● **DATASET EXTRACT**:
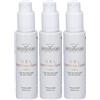 MaterNatura Gel Ravviva Ricci Capelli con Miele 3x100 ml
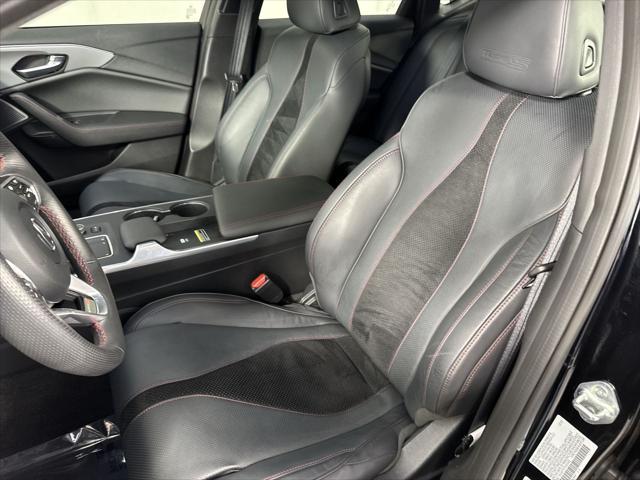 used 2023 Acura TLX car, priced at $49,995
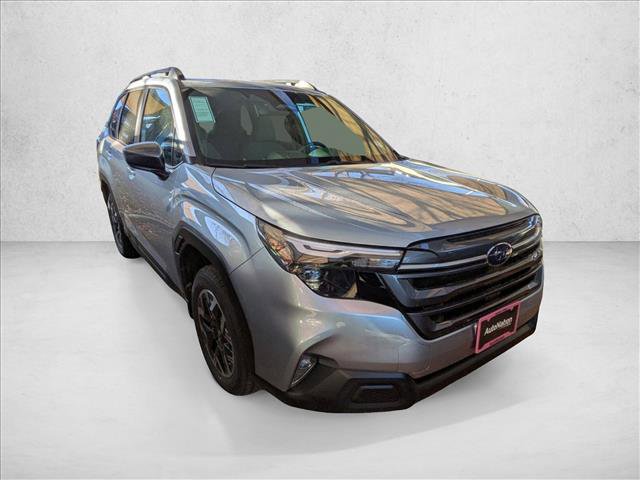 New 2026 Subaru Forester Premium video 3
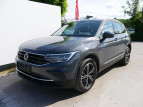 Bild Volkswagen Tiguan 2.0 TDI DPF DSG 4M LIFE * FAHRERASSISTENZ PLUS-& WINTERPAKET * AHK * LED 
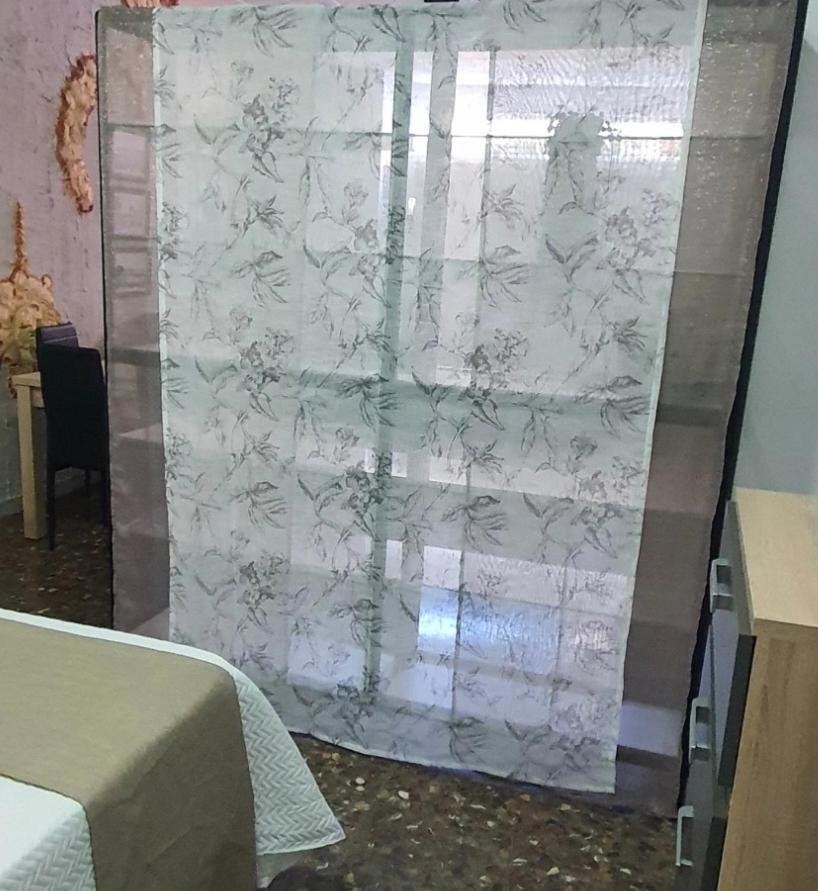 Apartamento Turistico Guadiana Loft Experience Dalia บาดาฮอส ภายนอก รูปภาพ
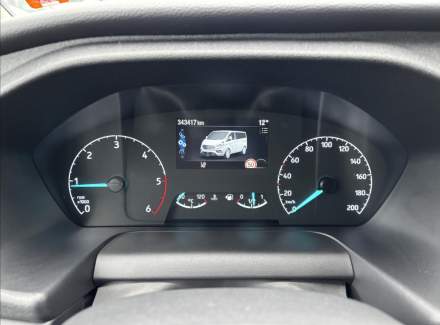 Ford - Tourneo Custom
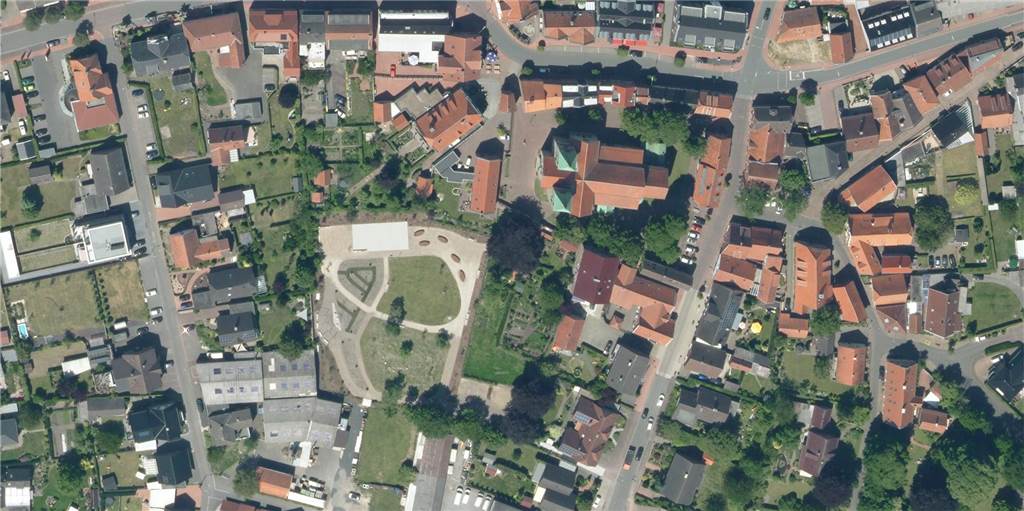 Für Dorfentwicklung in Legden Altbauten attraktiver und Umzug leichter machen Für Dorfentwicklung in Legden Altbauten attraktiver und Umzug leichter machen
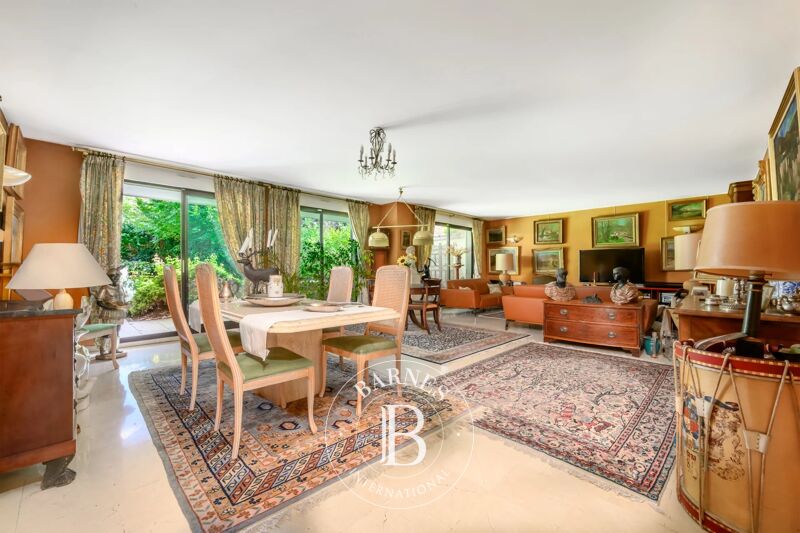 Venta, Piso Nogent-sur-Marne - picture 1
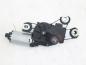 Preview: Scheibenwischermotor hinten 6L6955711D Seat IBIZA 3 6L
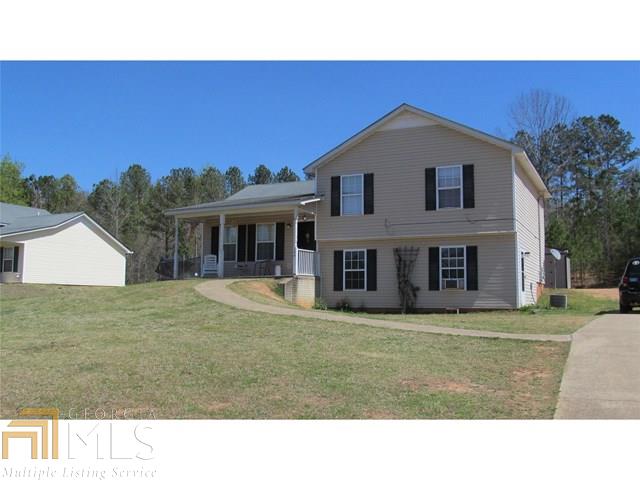 144 Pine Grove Ln, Lagrange, GA 30241 photo 1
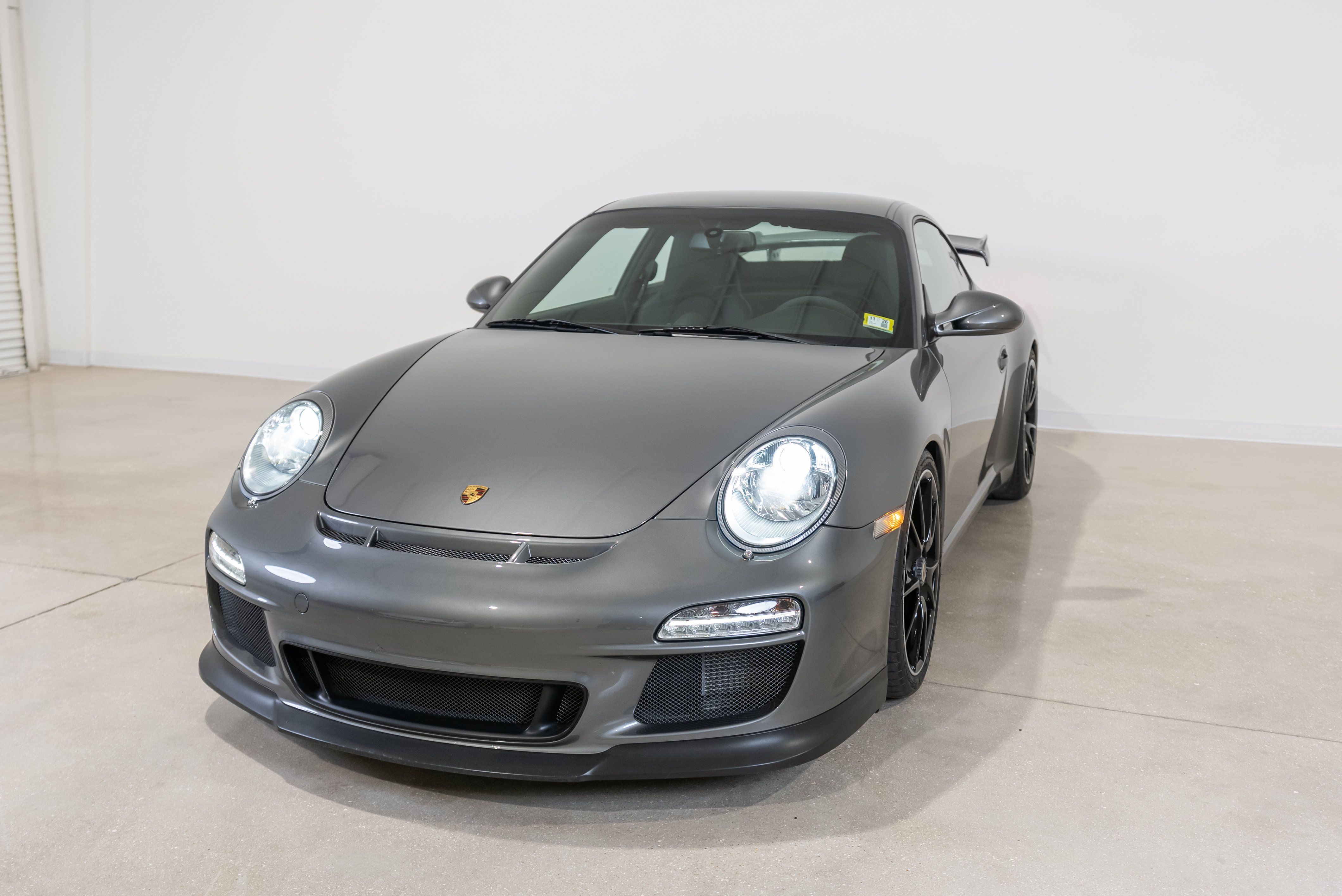 Used 2011 Porsche 911 GT3 RWD image 14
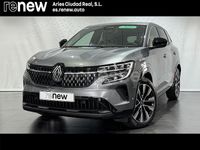 Usado Renault Austral Techno 160 CV (117 kW) 2024 Gris / plata SUV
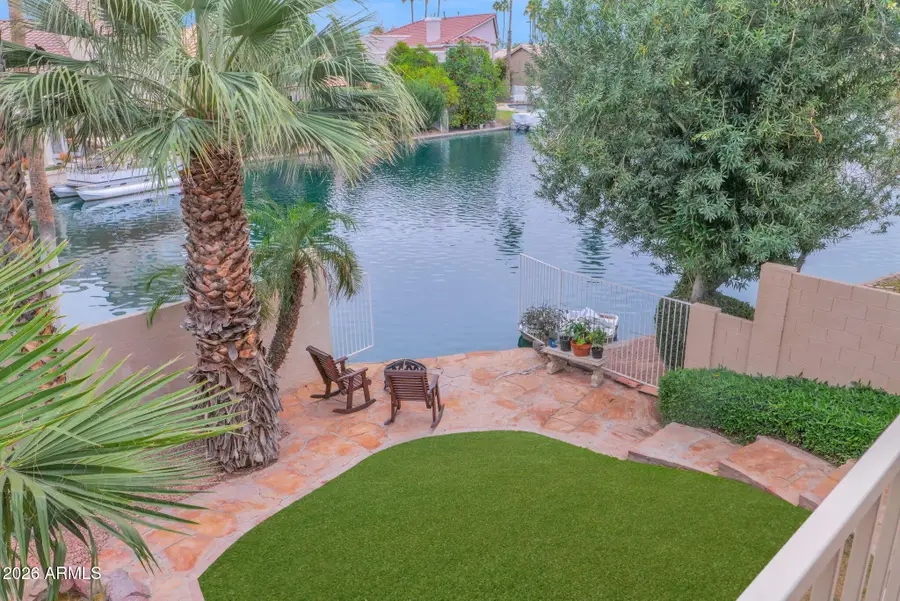 449 S Marina Drive, Gilbert, AZ 85233 - #3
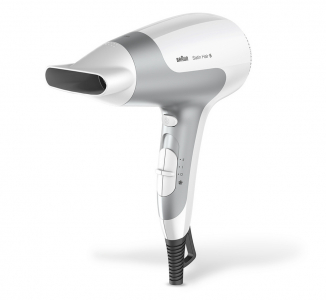 Hair Dryer Braun HD580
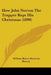 How John Norton The Trapper Kept His Christmas (1890) by William Henry Harrison Murray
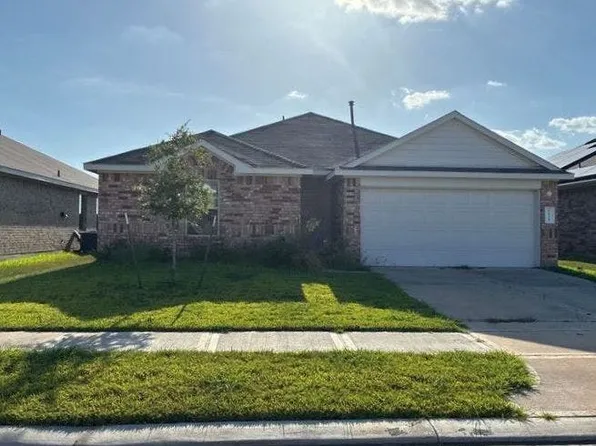 5231 Cherry Tallow Trl, Katy, TX 77449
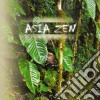 Asia Zen / Various cd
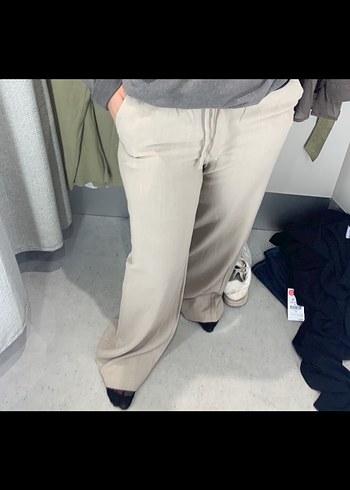 lefties keten pantolon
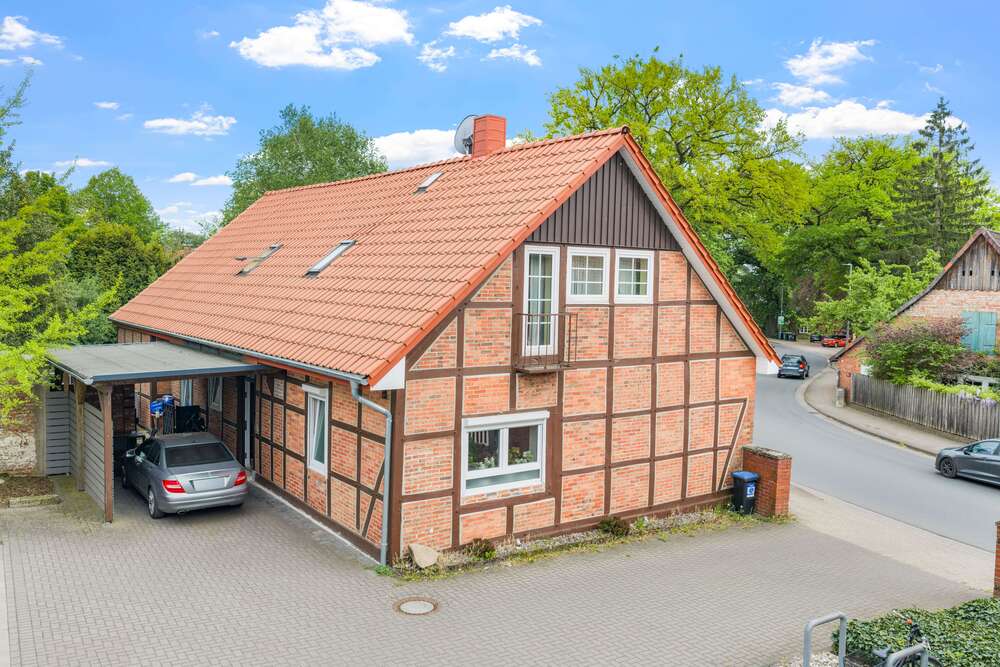 Thumbnail-Haus zum Kaufen in Wedemark 699.000,00 € 250 m²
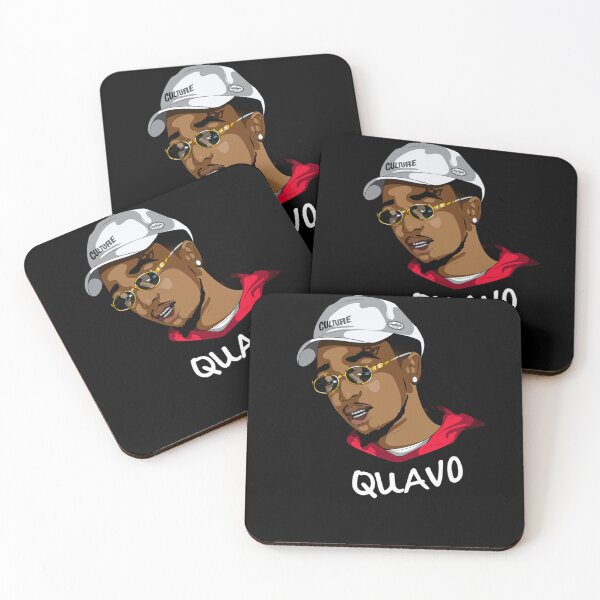 Item preview, Quavo more swag than us designed and sold by BrownDemarco.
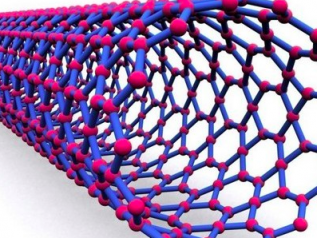 Nanotubi di grafene: Mosca punta al monopolio mondiale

● **WHAT THE TASK ASKS**: Could you write out the whole listing exactly, dropping the pictures?

● **ANSWER TO THE PROBLEM**:
 MaterNatura Gel Ravviva Ricci Capelli con Miele 3x100 ml
 used 2023 Acura TLX car, priced at $49,995
 New 2026 Subaru Forester Premium video 3
 Bild Volkswagen Tiguan 2.0 TDI DPF DSG 4M LIFE * FAHRERASSISTENZ PLUS-& WINTERPAKET * AHK * LED 
 Apartamento Turistico Guadiana Loft Experience Dalia บาดาฮอส ภายนอก รูปภาพ
 Ford - Tourneo Custom
 Für Dorfentwicklung in Legden Altbauten attraktiver und Umzug leichter machen Für Dorfentwicklung in Legden Altbauten attraktiver und Umzug leichter machen
 Venta, Piso Nogent-sur-Marne - picture 1
 Preview: Scheibenwischermotor hinten 6L6955711D Seat IBIZA 3 6L
 144 Pine Grove Ln, Lagrange, GA 30241 photo 1
 Used 2011 Porsche 911 GT3 RWD image 14
 Usado Renault Austral Techno 160 CV (117 kW) 2024 Gris / plata SUV
 449 S Marina Drive, Gilbert, AZ 85233 - #3
 Hair Dryer Braun HD580
 How John Norton The Trapper Kept His Christmas (1890) by William Henry Harrison Murray
 5231 Cherry Tallow Trl, Katy, TX 77449
 Asia Zen / Various cd
 lefties keten pantolon
 Thumbnail-Haus zum Kaufen in Wedemark 699.000,00 € 250 m²
 Item preview, Quavo more swag than us designed and sold by BrownDemarco.
 Nanotubi di grafene: Mosca punta al monopolio mondiale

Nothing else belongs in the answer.